Con l'uninominale per battere la crisi

Anche se può sembrare una boutade, il tono del professor Luigi Zingales è quello dello scherzo. Docente negli Stati Uniti (la qual cosa, vedremo, ha una sua importanza), e commentatore di importanti giornali, Zingales traccia una sorta di equazione che a prima vista può lasciare perplessi: uno dei motivi del debito italiano, sostiene, è costituito dalla mediocrità della classe politica, a sua volta determinata dal meccanismo in vigore, quello delle nomine. Vero è che il debito pubblico risale a prima del vituperatissimo Porcellum, ma ora la situazione sembra davvero fuori controllo, se è vero che per farvi fronte sono stati chiamati tecnici e professori, i quali a loro volta hanno dovuto fare ricorso all'ulteriore e inedita figura del super-tecnico, che non si capisce cosa potrà e saprà fare, ma una cosa si può già dire: ci attendono ulteriori giorni di lacrime e sangue.

Per tornare a Zingales: un sistema elettorale in cui si viene eletti per meriti, e non per servilismo a un partito, è l'osservazione del professore, aiuterebbe a uscire dalla crisi. Detta così assomiglia a un qualcosa tra Lapalisse e Catalano e invece la questione merita, anche perché Zingales è ben lontano dal proporre l'ogni tanto evocato governo dei "capaci": medico alla Sanità, generale alla Difesa, avvocato o magistrato alla giustizia, ecc. No, Zingales pensa ad altro. Vediamo meglio: «Nel naufragio complessivo della Seconda Repubblica», annota, «c'è un'oasi felice che va studiata: l'elezione diretta dei sindaci». Un'oasi felice perché «il sistema ha garantito l'alternanza anche in città fortemente caratterizzate ideologicamente come Milano e Bologna. È stato in grado di attirare nell'amministrazione della cosa pubblica non politici di professione. Nel complesso ha migliorato la gestione della città».

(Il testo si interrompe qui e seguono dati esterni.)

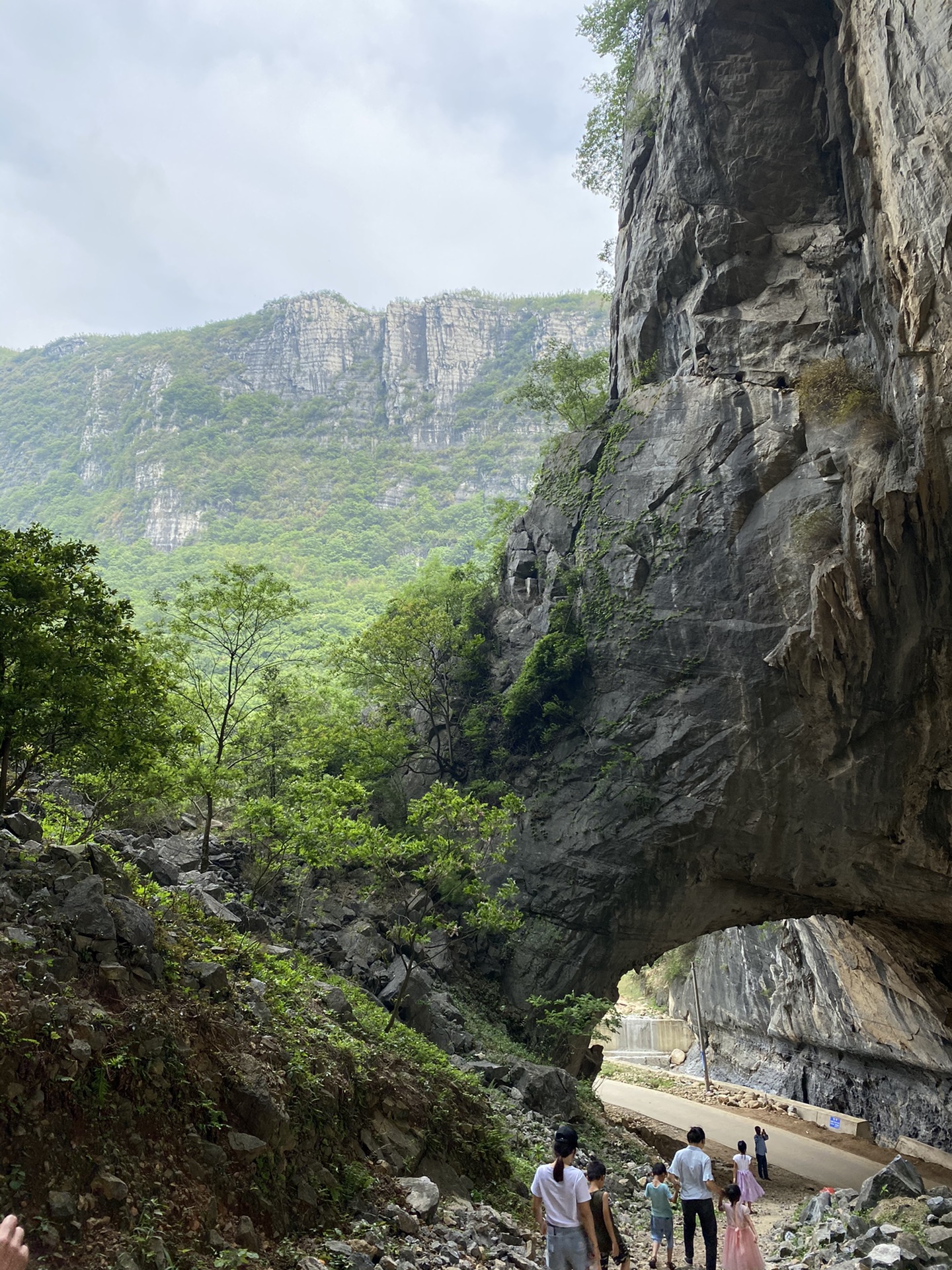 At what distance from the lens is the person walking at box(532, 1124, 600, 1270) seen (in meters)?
5.98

Zingales la chiama "peggiocrazia": vizio, secondo molti, tipicamente italiano: una sorta di genetica maledizione che non lascia scampo. E' davvero così? «Con le regole del gioco giuste», sostiene Zingales, «la democrazia funziona anche in Italia». Le giuste regole del gioco, dunque. Quali?

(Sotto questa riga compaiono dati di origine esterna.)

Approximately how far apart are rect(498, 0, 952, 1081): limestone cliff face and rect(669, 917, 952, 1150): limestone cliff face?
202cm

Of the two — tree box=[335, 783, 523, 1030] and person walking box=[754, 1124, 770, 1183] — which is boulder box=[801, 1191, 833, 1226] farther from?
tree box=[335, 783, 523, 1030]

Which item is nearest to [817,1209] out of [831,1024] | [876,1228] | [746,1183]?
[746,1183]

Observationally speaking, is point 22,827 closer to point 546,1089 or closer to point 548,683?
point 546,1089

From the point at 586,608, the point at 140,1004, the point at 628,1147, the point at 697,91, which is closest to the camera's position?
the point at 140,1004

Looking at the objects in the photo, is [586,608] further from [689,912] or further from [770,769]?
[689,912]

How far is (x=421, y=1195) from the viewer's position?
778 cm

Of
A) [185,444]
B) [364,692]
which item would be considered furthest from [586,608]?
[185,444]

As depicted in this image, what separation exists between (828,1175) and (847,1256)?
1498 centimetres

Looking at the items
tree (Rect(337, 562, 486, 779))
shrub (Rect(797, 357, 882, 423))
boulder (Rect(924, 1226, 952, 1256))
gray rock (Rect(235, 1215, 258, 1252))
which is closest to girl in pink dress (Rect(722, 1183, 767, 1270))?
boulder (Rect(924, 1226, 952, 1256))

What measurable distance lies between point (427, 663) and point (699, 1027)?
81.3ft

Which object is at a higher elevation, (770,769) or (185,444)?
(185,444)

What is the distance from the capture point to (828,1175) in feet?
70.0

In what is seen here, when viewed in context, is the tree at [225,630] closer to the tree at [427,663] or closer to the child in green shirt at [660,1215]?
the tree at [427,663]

«La prima è un sistema uninominale, sia esso a turno unico (con primarie) o a doppio turno. A differenza dell'attuale Porcellum, l'uninominale favorisce la meritocrazia in politica perché crea all'interno dei partiti una forte pressione a scegliere il candidato migliore.

Pochi voti in più possono fare la differenza, perché rischiare di perdere con un candidato mediocre? Questa selezione funziona ancora meglio con le primarie, che affidano la scelta del candidato agli elettori, invece che alle segreterie dei partiti».

Già questo sarebbe sufficiente; ma c'è anche altro: «Il sistema uninominale favorisce anche la stabilità di governo, perché invece di effettuare un sondaggio di opinione, affida un mandato a governare». 

Zingales poi osserva che se i sindaci non si sono trasformati in piccole baronie locali, è soprattutto grazie al limite al numero di mandati: «Questo limite assicura il necessario ricambio tra politica e società civile, prevenendo la formazione di una casta politica isolata dai problemi dei cittadini. 

Pertanto il vero quesito non è se una riforma elettorale può aiutarci ad uscire dalla crisi economica, ma se la nostra classe politica è in grado di approvare una riforma elettorale capace di farlo. La crisi economica ha già prodotto miracoli in campo politico. È troppo sperare in un altro?».

Poi, certo: qui entra in gioco l'elettore, che deve fare la sua parte. Per prima cosa votare (buffo, per esempio, assistere oggi alla generale lamentazione contro la legge sul rimborso elettorale ai partiti; quando con un referendum poteva essere abolito, quanti dei "lamentosi" d'oggi hanno preferito andarsene al mare?) e votare con criterio, cioé svincolati da pastoie clientelari e da logiche familistiche. 

Oggi è il giorno di un importante turno di elezioni amministrative. E i cittandini sono chiamati a votare per scegliere la guida di numerosi comuni. Genova, Palermo, Pistoia, Taranto e Verona, solo per citarne alcuni. Ne ricaveremo la conferma della bontà del sistema uninominale, e, sperabilmente, di una saggezza popolare che già altre volte si è manifestata. 

E chissà che finalmente non si apra quel dibattito e quel confronto che finora ci è stato negato (salvo lodevoli eccezioni alla Zingales), in luogo del bla-bla e del pio-pio che ci ha finora confuso e ammorbato. 

Scommettiamo che non se ne farà nulla?